• _Records shown_

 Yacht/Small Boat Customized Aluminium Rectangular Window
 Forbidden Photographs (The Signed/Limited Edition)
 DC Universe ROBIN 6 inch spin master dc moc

...

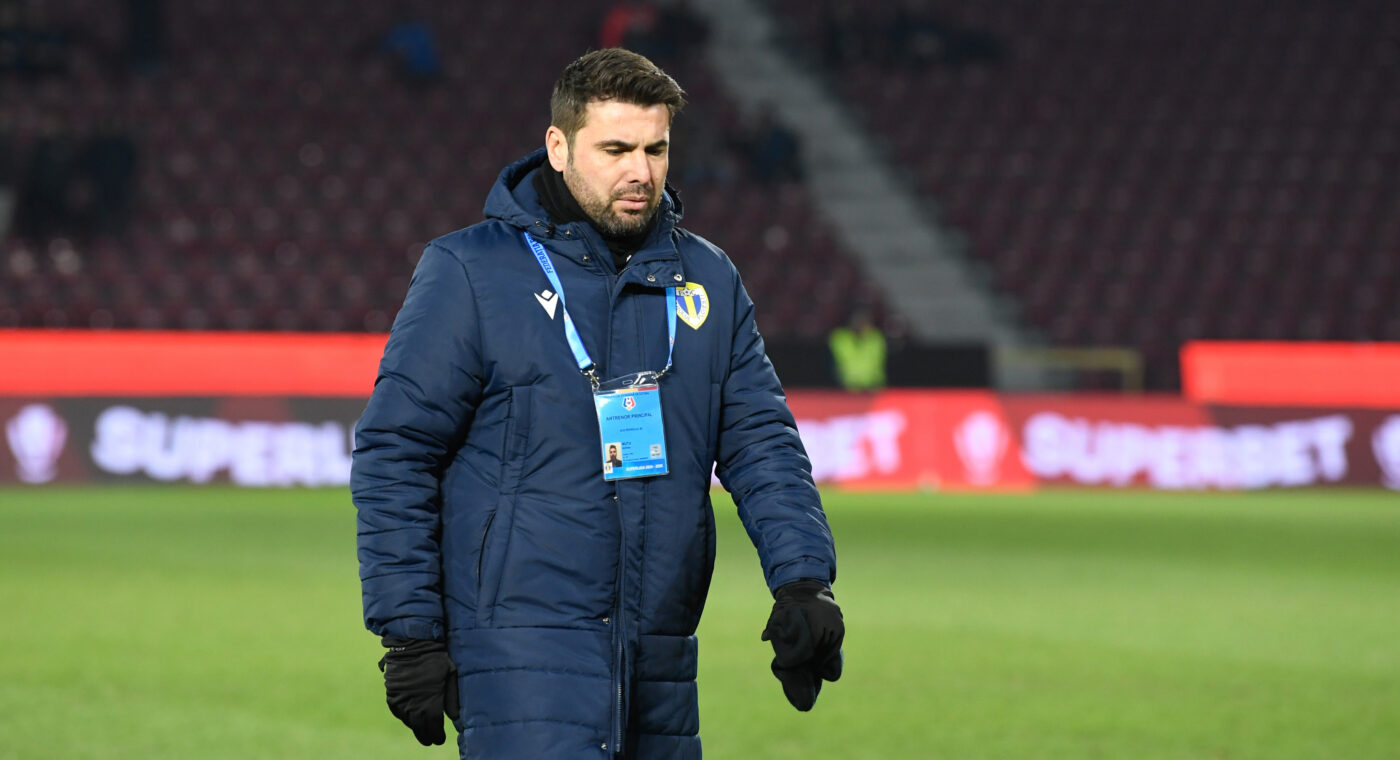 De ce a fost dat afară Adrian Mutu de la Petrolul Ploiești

• _About this exercise_
Print, from the entries above, the line with "Forbidden Photographs (The", the line with "DC Universe ROBIN 6 inch spin master dc moc" and all lines between them, exactly and with nothing else.

• _Result of this task_
 Forbidden Photographs (The Signed/Limited Edition)
 DC Universe ROBIN 6 inch spin master dc moc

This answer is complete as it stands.